Cora is glad to put Beacon Hills in their rearview mirror. Going home again, when she heard the Hales were back on the Preserve, hadn't ended the way she thought it would. But she'd learned that life rarely went according to one person's plans and had rolled with it, despite Derek's shitty attempts at being an Alpha and Peter's creepy attitude. Derek might say their uncle was better before the fire but it doesn't feel that way when she can still feel Peter's assessing gaze between her shoulderblades. She only remembers him as a long lithe pale shadow of their mother with golden eyes; maybe he was better, when his anchor existed in the form of a cute beta and a pup. Cora will never know and doesn't really care.

She shifts restlessly in the passenger seat, tired of looking at her reflection in the night-darkened window as miles slide past unseen. Derek is driving with his foot to the floor as if he's afraid he won't be able to escape Beacon HIlls. Maybe he's right. The town has its hooks deep into Hale psyche, after all, a stretch of land ground into their bones and muscles, sitting behind the eyes in the deepest parts of their ancestral memories. Wolves are human and other, it's true, and their memories are more genetic than oral or written. It's hard to explain the ways they are different because it's not knowledge that is shared or discussed. They just are.

Derek must feel her gaze upon his face because he side-eyes her questioningly as if waiting for a command. Cora isn't sure what to think about him willingly giving up his red eyes to heal her. Like Peter, she doesn't remember Derek well because he was always Laura's creature and Cora was just the baby who clung to their mother's skirt. He smells like home, and pack, and weirdly enough, the Stilinskis. Not just the boy, but the father too, as if close proximity to them had seared their scents into him. There is really only one reason for him to carry them in his skin, and its not one she's eager to ask about. For all that Derek is trying to be open, any mention of the boy will surely blank his expression as it does whenever Stiles comes around.

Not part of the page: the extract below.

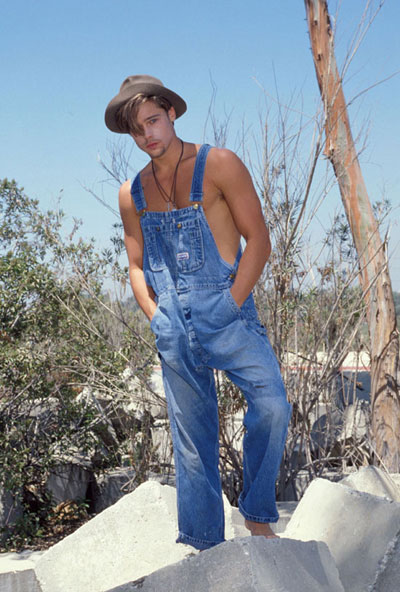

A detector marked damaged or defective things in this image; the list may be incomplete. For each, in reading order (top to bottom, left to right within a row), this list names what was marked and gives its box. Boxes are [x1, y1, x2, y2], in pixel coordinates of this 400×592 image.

The first time she suspected there was something between them was the evening Stiles came looking for Derek at the loft, then stayed to hear Peter's tale about Paige and the Alphas. Cora hadn't known the sordid details but it gelled with the faint memories she had around then when strange wolves had come into their territory, upsetting Talia with their actions and words. Even in her short acquaintance with the hyper active human, she is fully aware Stiles never hesitates to push for answers to his questions, so the fact he never followed through with asking Derek for his side of the story tells her more than she's comfortable knowing. How anyone could miss the burgeoning attraction between her brother and Stiles is a conundrum she has no intention of trying to figure out.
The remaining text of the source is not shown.